In 2008, not yet realizing the severity of the financial crisis, Shindo  began knocking on doors for financing. “We had a great deal to offer,” he says. “We had the plant structured. We had an engineering company to build it. We had customers. We had some money in the bank. We had contracts. This is what project finance companies lend on. And they all said no. At the time, we had Merrill Lynch as a bank that we were counting on. It was tough because we thought, ‘We’ve done all we can do.’ Then, of course, we found out why they were saying no: They didn’t have the money to lend.”

Like Merrill Lynch and many other companies, Hoku became a victim of the great recession and its deals unraveled. The big solar companies, under duress themselves, demanded that Hoku renegotiate their contracts (most of which were not guaranteed). Payments came in late. Construction delays sent the price of the plant spiraling, ultimately exceeding $700 million. Hoku fell further and further behind with its own creditors. Worst of all, the market for polysilicon tanked.

“There are a couple of reasons for this,” Shindo says. “One, it is a commodity, so it’s driven by supply  and demand. And, when demand was high, supply just shot up. Existing manufacturers added capacity, and the Chinese built a ton of new capacity, so supply increased like crazy. In part, that was predicated on the belief that demand was going to continue to grow. So, the second half of the story was that demand didn’t continue to grow, because the global crisis not only cut off the debt spigot, it cut back or curtailed the government incentives for solar. As government incentives, particularly in Europe, dried up, demand for solar dried up. Thus, demand for polysilicon didn’t grow nearly as fast as everyone predicted. So, it was supply and demand that drove prices down, just as it was supply and demand that had driven them up. It was the flip-side of the same coin.”

But Shindo still had one last trick up his sleeve. In 2009, he arranged a deal to sell controlling interest in the company to the Chinese energy conglomerate Tianwei, which agreed to convert $50 million in polysilicon prepayments into stock, and to provide an additional $50 million in loans to help finish the construction of the plant. That effectively ended Shindo’s relationship with Hoku.

“In Japan, we have a saying,” Iwamura says. “ ‘When a bird lands on a lake, the lake is supposed to be calm.
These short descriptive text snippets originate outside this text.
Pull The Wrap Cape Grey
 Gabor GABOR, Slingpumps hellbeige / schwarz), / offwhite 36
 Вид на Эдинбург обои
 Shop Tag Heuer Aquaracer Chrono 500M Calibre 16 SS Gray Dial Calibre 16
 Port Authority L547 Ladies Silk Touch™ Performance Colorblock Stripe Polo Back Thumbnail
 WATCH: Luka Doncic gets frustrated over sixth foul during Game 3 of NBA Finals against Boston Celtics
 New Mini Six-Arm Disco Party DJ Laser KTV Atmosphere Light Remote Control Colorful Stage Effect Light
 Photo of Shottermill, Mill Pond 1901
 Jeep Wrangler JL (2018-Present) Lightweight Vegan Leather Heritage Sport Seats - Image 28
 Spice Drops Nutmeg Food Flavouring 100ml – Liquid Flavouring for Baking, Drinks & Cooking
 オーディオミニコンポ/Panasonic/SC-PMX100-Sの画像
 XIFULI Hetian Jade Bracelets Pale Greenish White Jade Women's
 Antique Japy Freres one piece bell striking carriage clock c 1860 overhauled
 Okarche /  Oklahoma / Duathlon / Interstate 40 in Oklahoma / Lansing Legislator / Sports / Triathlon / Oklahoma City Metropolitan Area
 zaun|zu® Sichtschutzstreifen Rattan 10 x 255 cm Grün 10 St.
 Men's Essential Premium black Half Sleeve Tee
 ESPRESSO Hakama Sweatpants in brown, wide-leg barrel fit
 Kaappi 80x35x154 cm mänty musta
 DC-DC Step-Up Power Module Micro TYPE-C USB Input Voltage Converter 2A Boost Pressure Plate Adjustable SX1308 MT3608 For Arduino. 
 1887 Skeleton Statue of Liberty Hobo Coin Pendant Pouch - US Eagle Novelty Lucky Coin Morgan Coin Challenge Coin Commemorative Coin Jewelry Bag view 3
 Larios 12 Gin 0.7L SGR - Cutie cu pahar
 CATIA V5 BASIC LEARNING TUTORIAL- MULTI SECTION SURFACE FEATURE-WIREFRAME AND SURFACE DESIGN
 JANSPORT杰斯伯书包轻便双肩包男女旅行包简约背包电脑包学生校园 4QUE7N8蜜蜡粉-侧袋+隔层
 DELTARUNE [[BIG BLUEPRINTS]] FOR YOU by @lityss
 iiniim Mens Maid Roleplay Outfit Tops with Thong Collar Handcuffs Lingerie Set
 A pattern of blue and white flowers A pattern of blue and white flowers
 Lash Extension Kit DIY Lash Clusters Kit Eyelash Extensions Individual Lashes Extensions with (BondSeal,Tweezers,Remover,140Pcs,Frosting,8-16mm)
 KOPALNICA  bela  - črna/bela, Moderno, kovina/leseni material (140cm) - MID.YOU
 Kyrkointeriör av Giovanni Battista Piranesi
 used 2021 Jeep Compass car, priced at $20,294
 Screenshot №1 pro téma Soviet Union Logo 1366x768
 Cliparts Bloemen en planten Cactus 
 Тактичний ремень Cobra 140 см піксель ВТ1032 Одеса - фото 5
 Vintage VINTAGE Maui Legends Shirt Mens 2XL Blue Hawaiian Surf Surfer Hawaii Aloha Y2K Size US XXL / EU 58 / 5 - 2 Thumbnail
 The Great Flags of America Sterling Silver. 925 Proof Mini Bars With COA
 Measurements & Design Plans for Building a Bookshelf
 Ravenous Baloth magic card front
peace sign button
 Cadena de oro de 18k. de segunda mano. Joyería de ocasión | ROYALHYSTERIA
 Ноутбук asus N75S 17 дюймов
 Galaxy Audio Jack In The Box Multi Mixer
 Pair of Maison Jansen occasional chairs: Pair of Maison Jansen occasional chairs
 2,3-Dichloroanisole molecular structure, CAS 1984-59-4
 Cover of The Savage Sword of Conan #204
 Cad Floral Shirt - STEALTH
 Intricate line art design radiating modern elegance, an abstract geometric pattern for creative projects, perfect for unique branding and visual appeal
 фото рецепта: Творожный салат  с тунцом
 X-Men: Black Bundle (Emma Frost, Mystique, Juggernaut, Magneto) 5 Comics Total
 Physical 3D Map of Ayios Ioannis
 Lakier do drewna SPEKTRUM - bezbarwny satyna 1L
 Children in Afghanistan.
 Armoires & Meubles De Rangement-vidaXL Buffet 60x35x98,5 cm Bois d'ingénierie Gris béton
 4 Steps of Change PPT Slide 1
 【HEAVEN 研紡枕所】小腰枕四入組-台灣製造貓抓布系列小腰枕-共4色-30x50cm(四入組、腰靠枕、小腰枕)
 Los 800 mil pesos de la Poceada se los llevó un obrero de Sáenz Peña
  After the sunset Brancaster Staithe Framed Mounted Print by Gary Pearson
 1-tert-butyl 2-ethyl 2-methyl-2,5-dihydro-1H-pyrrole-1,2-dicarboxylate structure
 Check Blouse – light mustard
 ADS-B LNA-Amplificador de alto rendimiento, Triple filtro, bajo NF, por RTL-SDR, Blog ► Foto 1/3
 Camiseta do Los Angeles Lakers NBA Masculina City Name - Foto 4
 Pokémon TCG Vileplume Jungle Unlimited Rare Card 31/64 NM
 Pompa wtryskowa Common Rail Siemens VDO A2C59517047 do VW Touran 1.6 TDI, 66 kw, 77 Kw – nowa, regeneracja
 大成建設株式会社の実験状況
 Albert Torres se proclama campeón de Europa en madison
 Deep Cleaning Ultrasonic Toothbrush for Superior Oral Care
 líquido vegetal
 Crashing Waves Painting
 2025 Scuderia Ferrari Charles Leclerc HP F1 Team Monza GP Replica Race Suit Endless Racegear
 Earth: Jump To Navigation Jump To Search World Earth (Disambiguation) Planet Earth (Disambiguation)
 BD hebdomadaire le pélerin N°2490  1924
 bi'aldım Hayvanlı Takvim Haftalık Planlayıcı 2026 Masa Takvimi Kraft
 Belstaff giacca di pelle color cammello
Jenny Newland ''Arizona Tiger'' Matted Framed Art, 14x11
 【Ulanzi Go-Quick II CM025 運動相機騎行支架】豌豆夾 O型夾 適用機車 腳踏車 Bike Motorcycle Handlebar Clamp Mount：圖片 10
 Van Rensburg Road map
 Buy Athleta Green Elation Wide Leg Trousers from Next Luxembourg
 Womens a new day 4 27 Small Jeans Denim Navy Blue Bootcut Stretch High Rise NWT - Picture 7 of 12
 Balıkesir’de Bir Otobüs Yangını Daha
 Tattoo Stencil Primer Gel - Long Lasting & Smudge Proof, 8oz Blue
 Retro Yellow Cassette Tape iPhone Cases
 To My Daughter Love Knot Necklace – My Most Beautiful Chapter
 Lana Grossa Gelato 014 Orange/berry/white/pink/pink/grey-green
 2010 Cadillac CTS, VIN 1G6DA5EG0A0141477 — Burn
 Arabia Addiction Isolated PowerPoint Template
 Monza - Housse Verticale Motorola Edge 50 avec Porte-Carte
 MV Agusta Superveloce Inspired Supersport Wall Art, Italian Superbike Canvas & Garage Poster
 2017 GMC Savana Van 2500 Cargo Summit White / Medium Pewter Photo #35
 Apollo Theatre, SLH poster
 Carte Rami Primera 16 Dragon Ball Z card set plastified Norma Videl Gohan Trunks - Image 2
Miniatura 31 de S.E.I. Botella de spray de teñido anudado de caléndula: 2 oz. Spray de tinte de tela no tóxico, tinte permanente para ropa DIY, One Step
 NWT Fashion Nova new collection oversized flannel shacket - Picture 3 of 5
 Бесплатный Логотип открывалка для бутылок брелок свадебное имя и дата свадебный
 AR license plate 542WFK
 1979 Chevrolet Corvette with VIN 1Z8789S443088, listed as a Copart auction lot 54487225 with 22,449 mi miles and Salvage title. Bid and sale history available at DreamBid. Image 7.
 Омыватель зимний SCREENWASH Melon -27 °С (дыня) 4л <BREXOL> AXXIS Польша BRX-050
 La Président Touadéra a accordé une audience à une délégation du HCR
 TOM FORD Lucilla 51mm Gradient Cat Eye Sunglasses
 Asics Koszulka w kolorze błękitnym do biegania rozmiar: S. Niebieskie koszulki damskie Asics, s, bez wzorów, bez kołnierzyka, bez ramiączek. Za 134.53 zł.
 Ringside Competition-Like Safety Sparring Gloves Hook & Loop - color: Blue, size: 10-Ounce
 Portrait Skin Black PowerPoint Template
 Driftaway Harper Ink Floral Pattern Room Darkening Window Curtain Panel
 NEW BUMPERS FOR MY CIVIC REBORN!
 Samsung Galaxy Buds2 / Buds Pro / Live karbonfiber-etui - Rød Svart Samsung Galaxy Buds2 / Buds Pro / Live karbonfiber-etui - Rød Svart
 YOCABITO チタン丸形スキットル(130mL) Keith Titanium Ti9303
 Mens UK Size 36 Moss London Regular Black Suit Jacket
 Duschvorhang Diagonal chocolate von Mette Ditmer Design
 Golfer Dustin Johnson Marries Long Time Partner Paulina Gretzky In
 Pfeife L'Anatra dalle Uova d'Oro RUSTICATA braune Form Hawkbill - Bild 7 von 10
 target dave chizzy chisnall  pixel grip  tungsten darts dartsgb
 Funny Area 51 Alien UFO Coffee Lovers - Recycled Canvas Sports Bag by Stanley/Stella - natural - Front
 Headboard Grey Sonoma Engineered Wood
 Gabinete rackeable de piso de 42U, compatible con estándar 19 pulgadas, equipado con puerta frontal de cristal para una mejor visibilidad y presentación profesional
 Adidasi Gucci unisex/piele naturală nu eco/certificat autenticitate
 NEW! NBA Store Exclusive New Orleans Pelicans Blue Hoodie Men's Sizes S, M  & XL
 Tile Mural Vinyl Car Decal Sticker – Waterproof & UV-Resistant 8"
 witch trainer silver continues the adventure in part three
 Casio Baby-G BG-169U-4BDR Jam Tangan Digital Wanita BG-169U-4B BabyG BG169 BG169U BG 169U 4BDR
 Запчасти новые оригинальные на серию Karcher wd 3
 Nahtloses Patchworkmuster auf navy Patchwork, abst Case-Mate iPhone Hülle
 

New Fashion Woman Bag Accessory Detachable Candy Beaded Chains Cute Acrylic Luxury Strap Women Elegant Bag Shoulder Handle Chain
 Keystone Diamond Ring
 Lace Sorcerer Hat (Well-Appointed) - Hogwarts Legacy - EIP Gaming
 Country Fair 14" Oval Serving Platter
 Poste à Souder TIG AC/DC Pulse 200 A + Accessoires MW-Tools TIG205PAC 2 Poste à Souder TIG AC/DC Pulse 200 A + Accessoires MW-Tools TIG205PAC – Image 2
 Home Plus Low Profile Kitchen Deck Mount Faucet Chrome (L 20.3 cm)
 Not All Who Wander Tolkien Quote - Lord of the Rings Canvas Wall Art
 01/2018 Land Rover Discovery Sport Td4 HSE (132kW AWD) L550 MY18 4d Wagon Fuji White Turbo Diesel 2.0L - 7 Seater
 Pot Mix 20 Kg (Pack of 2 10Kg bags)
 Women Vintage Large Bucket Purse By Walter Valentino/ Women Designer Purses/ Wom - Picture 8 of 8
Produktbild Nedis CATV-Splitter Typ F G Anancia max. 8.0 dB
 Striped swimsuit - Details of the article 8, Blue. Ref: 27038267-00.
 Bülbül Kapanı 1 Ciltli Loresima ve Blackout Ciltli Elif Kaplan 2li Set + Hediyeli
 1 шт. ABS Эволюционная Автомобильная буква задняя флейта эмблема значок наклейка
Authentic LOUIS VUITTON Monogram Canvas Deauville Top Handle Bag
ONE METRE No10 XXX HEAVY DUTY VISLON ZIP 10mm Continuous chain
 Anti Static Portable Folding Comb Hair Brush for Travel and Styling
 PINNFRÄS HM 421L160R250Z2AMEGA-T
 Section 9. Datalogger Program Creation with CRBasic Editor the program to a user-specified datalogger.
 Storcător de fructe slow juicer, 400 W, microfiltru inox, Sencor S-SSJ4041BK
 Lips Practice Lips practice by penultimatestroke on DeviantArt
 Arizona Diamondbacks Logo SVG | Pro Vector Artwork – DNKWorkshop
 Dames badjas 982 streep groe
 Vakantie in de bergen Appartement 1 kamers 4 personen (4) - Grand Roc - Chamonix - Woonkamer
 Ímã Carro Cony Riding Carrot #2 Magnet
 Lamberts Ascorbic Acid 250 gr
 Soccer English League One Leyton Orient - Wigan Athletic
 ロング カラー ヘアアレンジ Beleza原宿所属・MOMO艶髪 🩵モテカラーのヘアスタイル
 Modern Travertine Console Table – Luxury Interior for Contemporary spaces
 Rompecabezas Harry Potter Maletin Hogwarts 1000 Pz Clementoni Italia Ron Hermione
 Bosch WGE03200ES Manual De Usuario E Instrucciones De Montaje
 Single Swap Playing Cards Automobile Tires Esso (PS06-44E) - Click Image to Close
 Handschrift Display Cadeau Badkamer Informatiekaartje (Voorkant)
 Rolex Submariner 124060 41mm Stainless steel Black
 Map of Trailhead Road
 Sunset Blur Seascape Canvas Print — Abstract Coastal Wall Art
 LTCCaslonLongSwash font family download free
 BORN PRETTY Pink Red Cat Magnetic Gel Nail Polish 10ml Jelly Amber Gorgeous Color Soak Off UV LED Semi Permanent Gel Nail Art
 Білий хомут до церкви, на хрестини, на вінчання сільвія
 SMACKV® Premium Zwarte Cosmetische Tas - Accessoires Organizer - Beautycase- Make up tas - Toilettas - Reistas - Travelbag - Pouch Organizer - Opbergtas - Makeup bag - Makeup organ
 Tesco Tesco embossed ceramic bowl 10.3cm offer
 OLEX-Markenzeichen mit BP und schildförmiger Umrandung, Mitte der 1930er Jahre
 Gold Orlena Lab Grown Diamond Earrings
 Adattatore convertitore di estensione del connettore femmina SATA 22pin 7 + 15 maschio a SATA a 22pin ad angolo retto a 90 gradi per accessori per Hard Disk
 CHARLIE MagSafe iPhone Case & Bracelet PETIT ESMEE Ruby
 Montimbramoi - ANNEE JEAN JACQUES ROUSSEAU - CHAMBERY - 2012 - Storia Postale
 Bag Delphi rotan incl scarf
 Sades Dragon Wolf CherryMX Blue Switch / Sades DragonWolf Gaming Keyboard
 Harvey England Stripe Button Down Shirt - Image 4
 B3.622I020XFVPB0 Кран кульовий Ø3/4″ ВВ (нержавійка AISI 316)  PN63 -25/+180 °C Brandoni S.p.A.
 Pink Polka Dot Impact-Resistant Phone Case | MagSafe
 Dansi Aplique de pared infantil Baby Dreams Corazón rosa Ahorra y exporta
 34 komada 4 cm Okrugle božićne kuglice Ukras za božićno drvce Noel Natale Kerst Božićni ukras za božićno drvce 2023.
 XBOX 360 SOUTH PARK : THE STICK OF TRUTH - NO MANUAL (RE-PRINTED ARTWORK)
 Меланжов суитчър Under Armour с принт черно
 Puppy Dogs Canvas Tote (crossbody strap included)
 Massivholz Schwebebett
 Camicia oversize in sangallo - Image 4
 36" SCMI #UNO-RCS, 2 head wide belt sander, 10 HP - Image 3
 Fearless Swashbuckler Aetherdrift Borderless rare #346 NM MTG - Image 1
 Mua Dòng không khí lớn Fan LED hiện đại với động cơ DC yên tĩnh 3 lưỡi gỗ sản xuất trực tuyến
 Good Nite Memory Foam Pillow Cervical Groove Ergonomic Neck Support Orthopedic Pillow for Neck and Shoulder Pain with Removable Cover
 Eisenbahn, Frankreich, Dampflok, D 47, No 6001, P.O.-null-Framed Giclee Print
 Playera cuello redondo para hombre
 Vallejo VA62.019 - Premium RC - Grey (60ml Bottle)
And when the bird leaves, the lake should be calm, too.’ When Dustin left Hoku, he left calm waters behind him. What happened after he left he had no control over.”

“I woke up the next day feeling good,” Shindo says. “The poly price was still in the $35 to $50 range, so everyone thought, ‘Well, it’s not $200 anymore, but it’s still good enough that we can start the plant and move forward.’ Here’s the interesting thing, though: After we sold it to the Chinese, the spot price for polysilicon fell to $15. This is why there’s really no one to blame for Hoku’s failure. The spot price fell below the price to make polysilicon for any new plant, which was roughly $25. In the end, a lot of those new Chinese plants just closed up. Today, the spot price sits around $20, so it’s probably going to bea long time before polysilicon is profitable again.”

Last December, the $700-million Idaho plant was auctioned off for little more than $8 million.

Karl Stahlkopf compares the end of Hoku’s saga to a Shakespearean tragedy. “One of the things that distinguishes Hoku from other startups that I’ve worked with,” he says, “is that the original path it started on was very different from where it ended up. And it was able to execute an absolutely brilliant U-turn, which very few people have successfully done. It went out with one market and technology, which the whole company was founded on, then went in a completely different direction. But, because of the intelligence, the diligence, the thoughtfulness and the hard work of Dustin and his staff, they were able to make that U-turn and make it successfully. But, again, the Shakespearean tragedy takes over and Juliet dies.”